Explain the similarities and differences between Google AI Studio Build and Cursor

In-depth analysis of Google AI Studio and Cursor, exploring the similarities and differences of AI programming tools and their applicable scenarios.
Core content:
1. Tool positioning: comparison between full-stack lab and editor assistant
2. Underlying model: application differences between Google's self-developed model and hybrid model
3. User experience: experience differences from high-speed rail IDE to regional bus IDE
Tool positioning: Full-stack Lab VS Editor Assistant
Google AI Studio Build :
Core positioning : End-to-end cloud AI platform. You can build an APP with just one sentence, directly generate code, perform online testing, prompt debugging, demo, and deploy on the cloud.
Output structure : complete project scaffolding - front-end, back-end, environment configuration file, deployment script, sample data, README.
Cursor :
Core positioning : Locally deployed intelligent IDE. Focus on code snippet completion, refactoring, error detection, and code generation after submitting requirements.

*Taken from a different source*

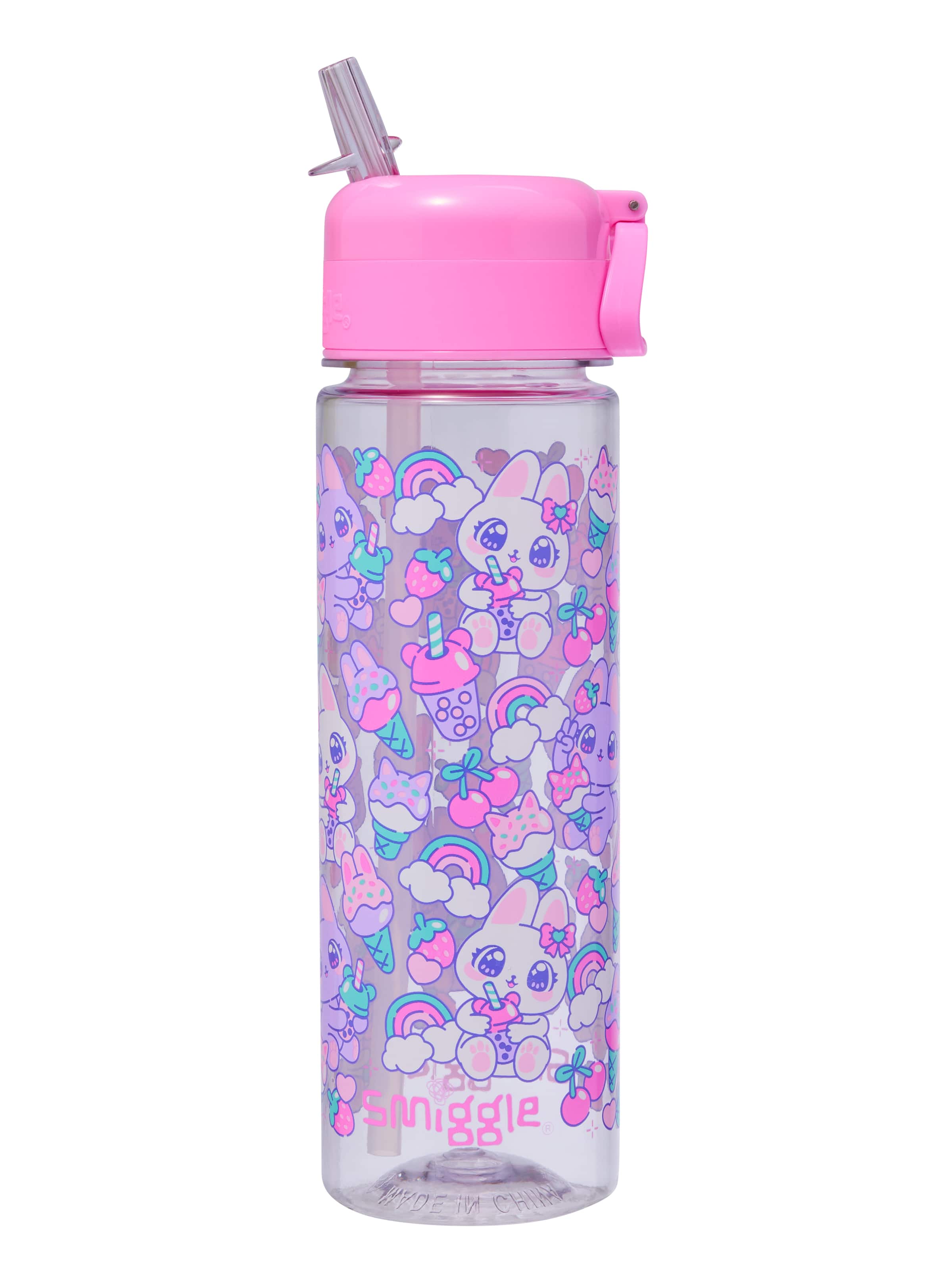 Bright Eyes Plastic Drink Bottle 650Ml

Output structure : local files and functions - generated or rewritten "in place" only in the current workspace, seamlessly connected to the existing project structure.
Underlying model: self-developed Gemini VS hybrid model
Native access to Google's self-developed large models (Gemini 2.5 Pro/Flash, multi-modal, etc.)
Cursor :
Mix multiple cutting-edge models, focusing on optimizing low latency, localized reasoning, etc.

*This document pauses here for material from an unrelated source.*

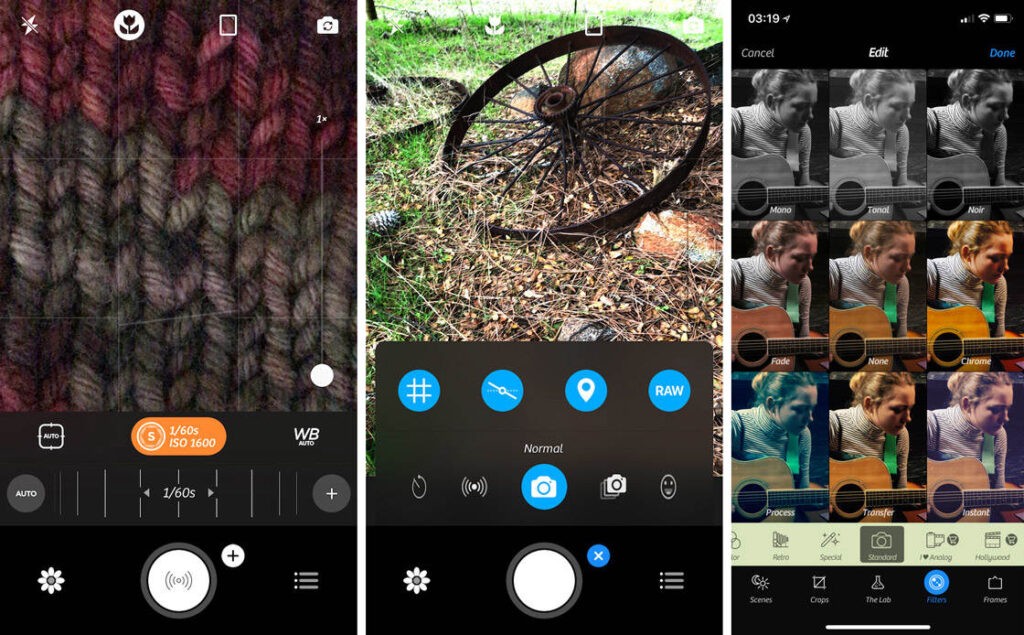 Camera+ Editing App for Photographs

Scaffolding full bucket VS half bucket
Take creating a puzzle Web APP as an example.
There are many built-in APP templates, such as Firebase+React+Tailwind+Typescript, etc. Generate a complete directory structure with one click
Cursor :
It adopts the strategy of "generating on-site" according to demand. It will create core files directly in the current directory according to user needs, but the coupling between files is relatively tight.
The different processing concepts of the two can be felt through the directory structure of this project. Google AI Studio creates different files according to functions, and the degree of decoupling is relatively high. In this way, when communicating with AI, you can avoid the situation where more bugs are caused by modifying a bug.
User experience: High-speed rail IDE VS regional bus IDE
It is not as good as Google AI Studio because the generated files are often more coupled, which often leads to more bugs when fixing a bug, and then you need to repeatedly adjust the prompt to make the Cursor understand the real intention.